Un masseur-kinésithérapeute peut-il recevoir une donation, acheter un bien ou conclure un viager avec son patient ?
Sur les donations et legs : NON, interdiction stricte
« Les membres des professions médicales et de la pharmacie, ainsi que les auxiliaires médicaux ayant prodigué des soins à une personne pendant la maladie dont elle meurt, ne peuvent recevoir de celle-ci, pendant le cours de cette maladie, aucune donation entre vifs ni aucun testament. »
Cette interdiction vise à protéger les patients en situation de vulnérabilité, et s’applique aux kinésithérapeutes, en tant qu’auxiliaires médicaux. Elle a été confirmée à plusieurs reprises par la jurisprudence.
Sur l’achat d’un bien à un patient : OUI, mais prudence extrême
Aucune loi n’interdit formellement à un masseur-kinésithérapeute d’acheter un bien à son patient.
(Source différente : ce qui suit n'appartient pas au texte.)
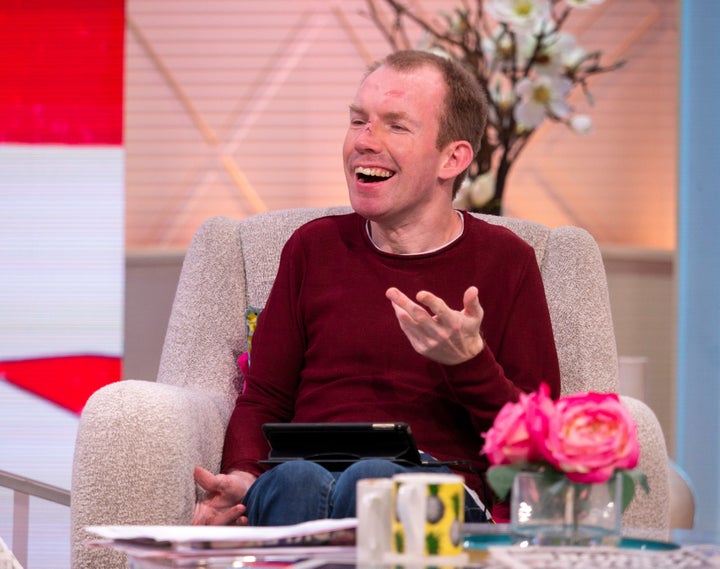 <strong>The comedian speaks on 'Lorraine'</strong>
Cependant, le Code de déontologie (article R.4321-97 du Code de la santé publique) impose que le kiné :
« s’abstienne d’abuser de son influence en vue d’obtenir un mandat ou de contracter à titre onéreux dans des conditions qui lui seraient anormalement favorables. »
Ce type de relation contractuelle peut faire peser un soupçon de conflit d’intérêt, voire d’abus de faiblesse en particulier si le patient se trouve dans une situation délicate.
Néanmoins l’accompagnement d’un notaire, ou d’un tiers, pourra vous demander de produire des justificatifs de plusieurs évaluations crédible du bien, de la volonté réelle de la personne de vendre et potentiellement de son entourage, et vous sollicitera afin de recourir si besoin à toutes attestations nécessaires.
Sur la vente en viager : un cas très sensible de conflit d’intérêt
La vente en viager consiste à vendre un bien à une personne qui versera une rente jusqu’au décès du vendeur. Cela implique un lien direct avec la vie et la santé du patient, ce qui soulève plusieurs difficultés déontologiques et juridiques :
- Le kinésithérapeute est, par sa fonction, informé de l’état de santé du patient, ce qui crée une asymétrie d’information majeure.
- L’acheteur (le kiné) bénéficie directement du décèsdu vendeur (le patient), ce qui crée un conflit d’intérêt éthique manifeste.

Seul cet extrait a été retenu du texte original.